The Inner Kernel - editor's title (1956)

  1. Our very presence here this evening, the solemnity of this hour, and the sense of serious dedication which pervades and sweetens the atmosphere of our synagogue tonight point to something within us that we seldom suspect exists. It indicates a tremendous potential for the good, the holy, the decent, and the courageous that lies dormant in our hearts all year but which comes to the fore in response to the mystic challenge of Kol Nidre. Our presence, our prayer, our upward glance, our silent cries and our unseen tears, these are an affirmation of the great principle of Judaism that Man is more than a two-legged beast, that he has a soul, that he was created in the Image of G-d, that there is something inherently good and worthwhile and decent and honorable and G-dly within each of us.
  2. This thought came to mind when I read a recent press report of one of the many archaeological expeditions carried out in the State of Israel. An expedition had discovered the ruins of an ancient settlement which was, according to all estimates, some 2,000 years old. Deep down in one of the underground caves, the archaeologists had found a large amount of wheat evidently stored away by the original settlers. Because of the right conditions of humidity and temperature, the wheat had remained preserved intact for these past 2000 years. But the scientists were extremely skeptical as to whether any life was left in the kernels of wheat – that was too much to expect. And so, to experiment, they planted the kernels – and by harvest time, they were amazed to find a bumper crop! Buried in the depths of the earth for 20 centuries – and enough life left to start all over again!
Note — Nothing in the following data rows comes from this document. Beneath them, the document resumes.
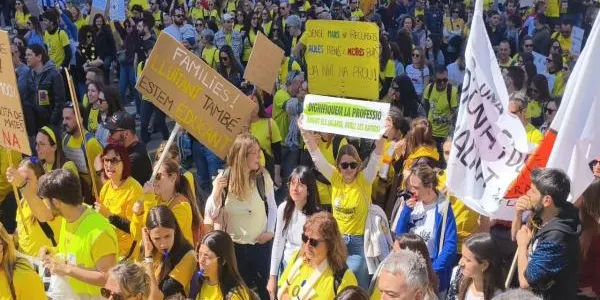 Adhesió majoritària dels docents d’Altafulla a la vaga del sector a tot el país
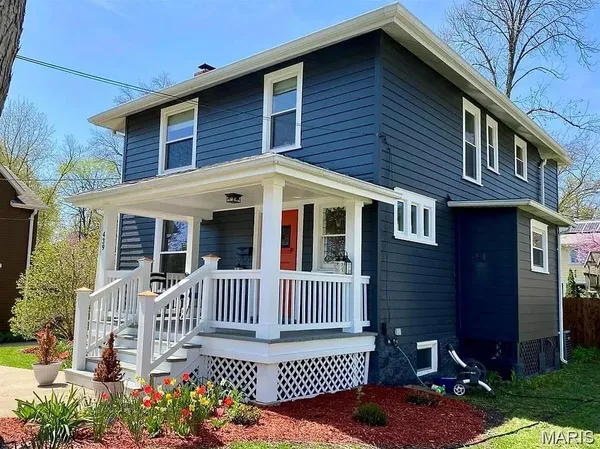 $3,225 | 439 Alma Avenue, Webster Groves, MO 63119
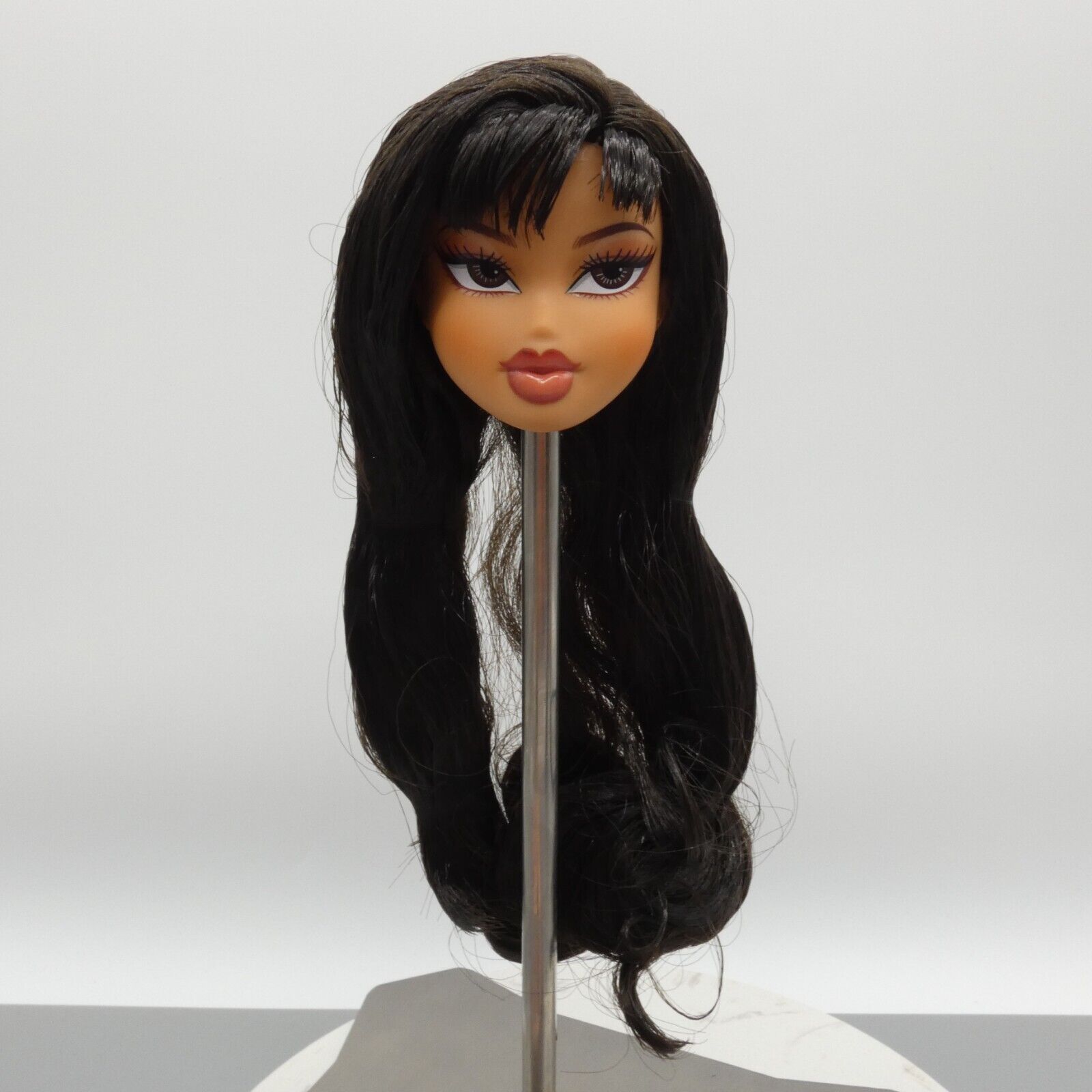 Bratz Doll Head Only Medium Light Tan Skin Kylie Jenner Day Long Hair 2023 O17B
  3. So it is with man – all year we may resemble a spiritual ruins, but on Yom Kippur we affirm that there is a kernel of Life left someplace deep within us, and in response to the call of Torah, we seek to retrieve that kernel, that hidden goodness and concealed G-dliness, and bring it to full bloom and fruition again.
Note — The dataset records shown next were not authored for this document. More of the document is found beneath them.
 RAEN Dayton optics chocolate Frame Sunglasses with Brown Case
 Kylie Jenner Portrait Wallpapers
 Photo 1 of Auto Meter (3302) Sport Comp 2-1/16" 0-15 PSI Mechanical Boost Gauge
  4. Indeed, has not modern Israel proven that there is a certain element in the Jewish soul whose existence we never suspected for some 2000 years? Since our exile in the year 70, we have been Ghetto Jews – persecuted, stepped upon, humiliated, taunted, killed, and maimed. Rarely in all these dark centuries did we show any resistance. We walked to our martyr-graves without a word of protest, without a shadow of resistance. “Cowards,” the world called us. We were supposedly a weakling people, congenitally unheroic and uncourageous, who knew not how to defend themselves. But now our Israeli brothers and sisters have proved that heroism and courage and pride do exist in the Jewish soul, that they have been there all these generations – dormant perhaps, but not dead. And in our days, those kernels of bravery have been excavated and brought up out of the subterranean depths of the Jewish personality, and have begun to live – and what a bumper crop they have produced! Every brave young Israeli who risks his life at some lonely border outpost, and with shoulders thrown back and head held high answers the hypocrisy of the Big Powers with an affirmation of Jewish morality and ethics and will-to-live and an iron determination to survive, every one of them is a proud stalk grown from those kernels of courage that remained dormant for generations.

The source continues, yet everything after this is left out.